Tags: #Erótico, otros

El castigo de la Bella Durmiente (15 page)

Con un brusco golpe de pedal dio otra vuelta a la plataforma giratoria mientras la larga pala rectangular me azotaba ambas nalgas con un contundente estallido, obligándome a luchar frenéticamente por recuperar el equilibrio.

La multitud profirió un jovial rugido cuando volvieron a hacer girar la plataforma y me alcanzó un segundo golpe; y después otro giro y otro, y luego otro más. Apreté los dientes para amortiguar los gritos mientras el ardiente dolor se propagaba desde mis nalgas a través de mi verga. Oía las mofas: «Dale duro», «Zúrrale en serio», «Dale en ese trasero» y «Sacúdele la polla». Me percaté de que yo obedecía estas órdenes, no deliberadamente, sino movido por la desesperación. Cada vez que uno de los ensordecedores azotes me zarandeaba brutalmente, yo culebreaba e intentaba no salirme de mi sitio en la plataforma giratoria. Intentaba cerrar los ojos pero se abrían completamente con cada golpe, igual que mi boca, de la que brotaban gritos incontrolables. La pala me enviaba de un lado a otro, casi me derribaba para luego volver a enderezarme, pero aun así, con cada palazo notaba cómo se sacudía mi ávida verga hacia delante, palpitando de deseo, mientras el dolor centelleaba en mi cabeza como una explosión de fuego.

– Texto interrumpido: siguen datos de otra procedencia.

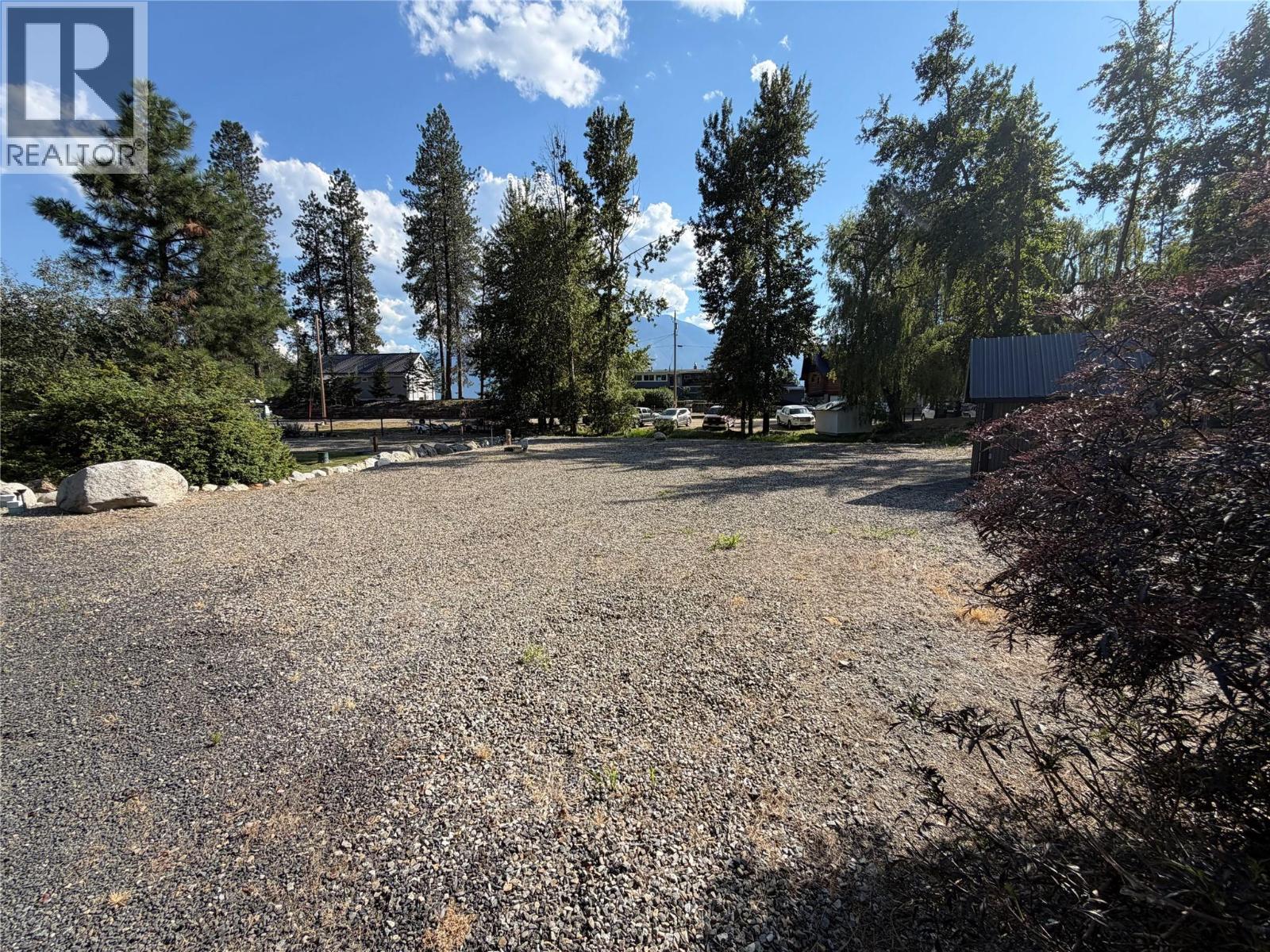 260 Laguna Crescent Property Photo 3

La miríada de matices y formas de la plaza se enmarañaba borrosamente. Mi cuerpo, atrapado en una serie vertiginosa de fuertes azotes, parecía volar, como si se desprendiese de sí mismo. Había dejado de intentar recuperar el equilibrio pero aun así la pala no me permitía escurrirme o caer; nunca había existido ese peligro. Estaba atrapado en la velocidad de las vueltas, cedía al calor y la fuerza de la pala para amortiguar su efecto, quejándome a voz en grito, mientras la multitud aplaudía, chillaba y vitoreaba.

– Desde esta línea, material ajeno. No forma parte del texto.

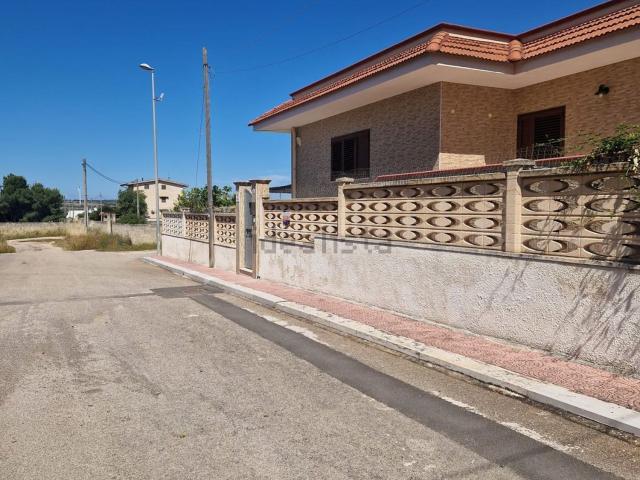 Villetta indipendente in vendita di 220 m² in Via A. Segni, 6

Todas las imágenes del día se fundieron en mi cerebro: el extraño relato de Jerard, la ama al hacer penetrar el falo entre mis nalgas separadas; y aun así no podía pensar con claridad en nada, sólo sentía los palazos y oía a la muchedumbre carcajeante cuyos rugidos llegaban a mis oídos fluyendo como una marea hasta la plataforma giratoria.

—¡Que no paren esas caderas! —gritó el maestro de azotamientos. y yo, sin pensarlo ni desearlo, obedecí, vencido por la fuerza de la orden y por el deseo del gentío. Castañeteando descontroladamente, oía los roncos y estridentes vítores, mientras la pala golpeaba primero el lado izquierdo y luego el derecho de mis nalgas, para caer a continuación ruidosamente sobre mis muslos y volver de nuevo al trasero.

Me encontraba perdido, como nunca antes lo había estado. Los gritos y las aclamaciones me purgaban tanto como las luces y el dolor. Ya no era más que mis ronchas ardientes, mi carne hinchada y la dura vara de mi pene que se sacudía en vano mientras la multitud aullaba, la pala me alcanzaba ruidosamente una y otra vez y mis propios gritos casi ahogaban el sonido de sus golpes.

En el castillo no había sufrido nada que expiara mi alma de este modo. Nada me había cauterizado y vaciado de tal manera.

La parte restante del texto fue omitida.